Lost and Found

Tracing personal histories through everyday objects

COURTESY MUSEUM OF MATERIAL MEMORY
31 August, 2022

How often do you sit and think about the objects that surround us in our homes? How often do you think about the memories attached to them? What role does an object’s material memory play in sparking conversations? These questions are the driving force behind the Museum of Material Memory, a digital repository that traces family history through personal antiquities and social ethnography.

Founded in 2017 as a passion project by Aanchal Malhotra and Navdha Malhotra, the museum is a digital crowdsourced platform for contributors to submit stories related to objects—from the 1970s or earlier—that they find in their homes. The stories narrate the history of the object and, with it, reveal the customs of its time. The objects seem outwardly ordinary, ranging from old photographs and jewellery to utensils and books. For Aanchal and Navdha, who were friends in school, the most important thing was to keep the platform digital and accessible to all.

The idea for the museum emerged when Aanchal, a Delhi-based historian, was conducting research for her debut book, Remnants of a Separation: A History of the Partition through Material Memory, published in 2017. The book revisited the history of Partition through personal objects. During her research, which took over five years, Aanchal realised that people had innumerable other objects that were old but not related to Partition. “It seemed to me that there were a lot of caged artifacts in the subcontinent area that the younger generations didn’t know enough about,” she told me. “While we seem to collect objects quite easily in the subcontinent, we may not assert the same importance to them if they are mundane or objects that are not monetarily valuable anymore.” 

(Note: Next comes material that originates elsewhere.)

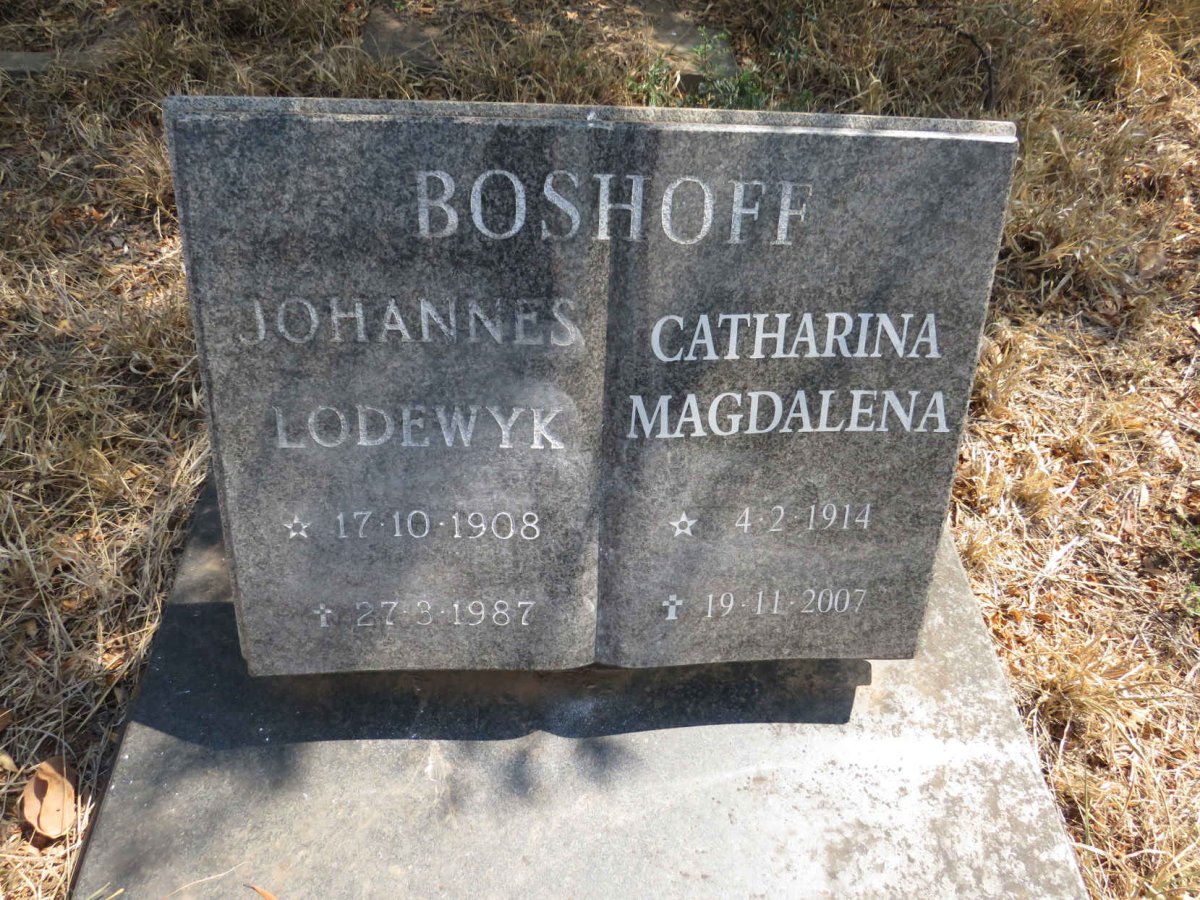 BOSHOFF Johannes Lodewyk 1908-1987 & Catharina Magdalena 1914-2007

The museum thrives on the stories people submit. Willing contributors are sent a guiding document that can help them answer important questions about their object. Questions range around materiality, ownership, look, time period, usage and origin. Aanchal and Navdha, an aspiring ceramicist and the global head of campaigns at the advocacy group Purpose, corroborate the origin of each object through archives, popular media and intensive research. Contributors work with the founders to create a narrative about their family history. “It is difficult to get people to slow down to be able to see these inanimate objects as potential receptacles for stories,” Aanchal said. “It is not in everybody’s nature to immediately stop and pause and think about generations that have come before them. This takes persistence on your part.”